Chiedere aiuto è una competenza, non una debolezza
Chiedere aiuto è l’abitudine che accomuna le persone di maggior successo, molto più della forza di volontà solitaria. Consiglio sempre di leggere giornali stranieri, soprattutto per avere un punto di vista diverso: tra le tante letture recenti, una mi ha colpito in particolare, quella della psicologa Angela Duckworth, nota per aver reso celebre il concetto di grit (determinazione).
Il quasi annegamento che ha cambiato la prospettiva di Duckworth
Duckworth racconta un episodio personale: un quasi annegamento in mare insieme alla madre 86enne. A salvarle non è stata la determinazione individuale, ma la richiesta di soccorso rivolta a chi era nelle vicinanze. Da qui nasce la sua tesi centrale: il mito americano del self-made man nasconde una realtà diversa. Ogni persona di alto livello che ha studiato attribuisce i propri risultati a una rete di supporto, non allo sforzo solitario.

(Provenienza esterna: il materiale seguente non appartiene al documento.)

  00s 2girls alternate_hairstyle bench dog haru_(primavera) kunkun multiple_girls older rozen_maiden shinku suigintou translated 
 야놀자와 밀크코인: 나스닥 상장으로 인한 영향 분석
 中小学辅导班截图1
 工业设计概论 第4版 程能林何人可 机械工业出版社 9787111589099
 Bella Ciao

Tre esempi che confermano la tesi
L’articolo cita alcuni casi concreti che vale la pena ricordare:
- Nicolai Tangen, CEO di Norges Bank Investment Management (il più grande fondo sovrano al mondo, con oltre 1.700 miliardi di dollari in gestione), dedica ampio spazio, nel suo libro, alla sua assistente, di cui si fida ciecamente.
- Conan O’Brien, nel discorso alla cerimonia di laurea di Harvard del 2026, ha dichiarato di non aver fatto assolutamente nulla da solo.

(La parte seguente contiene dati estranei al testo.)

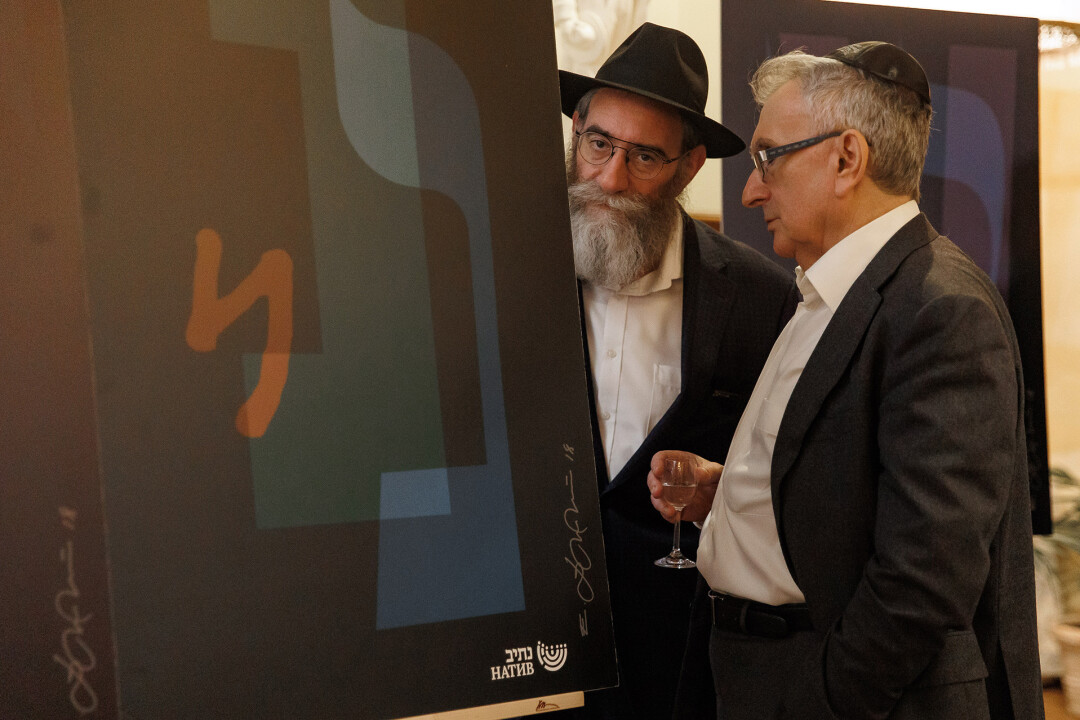 Менахем-Мендл Певзнер, Марк Грубарг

- Y Combinator, uno degli acceleratori di startup più influenti al mondo, accetta anche fondatori solitari, ma il consiglio resta chiaro: «le startup a una persona sono difficili, è più probabile avere successo con un co-founder». Il confronto tra pari previene errori e sostiene nei momenti difficili.
L’illusione dell’autosufficienza: cosa dice la scienza
La psicologia cognitiva ha un nome per questo bias: l’illusione dell’autosufficienza. Uno studio pubblicato sulla rivista Child Development ha osservato bambini che avevano imparato a usare un macchinario guardando qualcun altro: nel 70% dei casi, restavano comunque convinti che ci sarebbero arrivati da soli, senza bisogno di quell’aiuto iniziale.
Chiedere aiuto è un segno di debolezza?
No. Per Duckworth chiedere aiuto non è una debolezza: è una competenza. E chi lo fa tende a sottovalutare quanto le altre persone siano felici di essere utili.
La morale per chi lavora in Italia (e in Europa)
Per noi italiani ed europei, così legati al mito del solopreneur e del one man band, converrebbe ripensare i nostri modelli organizzativi. Costruire, o entrare a far parte di, una rete di supporto non è un ripiego rispetto al talento individuale: è la condizione che rende quel talento sostenibile nel tempo.
Domande frequenti
Chi è Angela Duckworth?
È una psicologa dell’Università della Pennsylvania, nota per il bestseller Grit, dedicato al ruolo della determinazione nel raggiungimento dei risultati.
Cos’è l’illusione dell’autosufficienza?
È il bias cognitivo per cui tendiamo a sovrastimare quanto i nostri risultati dipendano solo da noi stessi, sottostimando il ruolo di chi ci ha aiutato lungo il percorso.
Perché Y Combinator preferisce i co-founder ai fondatori solitari?
Perché, secondo l’acceleratore, il confronto tra pari riduce gli errori e offre sostegno nei momenti più difficili del percorso imprenditoriale.
In sintesi
Se lavori in un contesto dove il valore del singolo viene misurato dalla sua autonomia, chiedere aiuto può sembrare controintuitivo. Ma i dati raccontano un’altra storia: dalla ricerca di Duckworth agli acceleratori come Y Combinator, il filo conduttore è sempre lo stesso. Chi costruisce relazioni di fiducia, sa delegare e non ha paura di ammettere i propri limiti va più lontano, e più in fretta, di chi prova a fare tutto da solo. Per chi si occupa di formazione e crescita delle persone in azienda, è un punto da cui ripartire: allenare la capacità di chiedere aiuto quanto si allena la determinazione.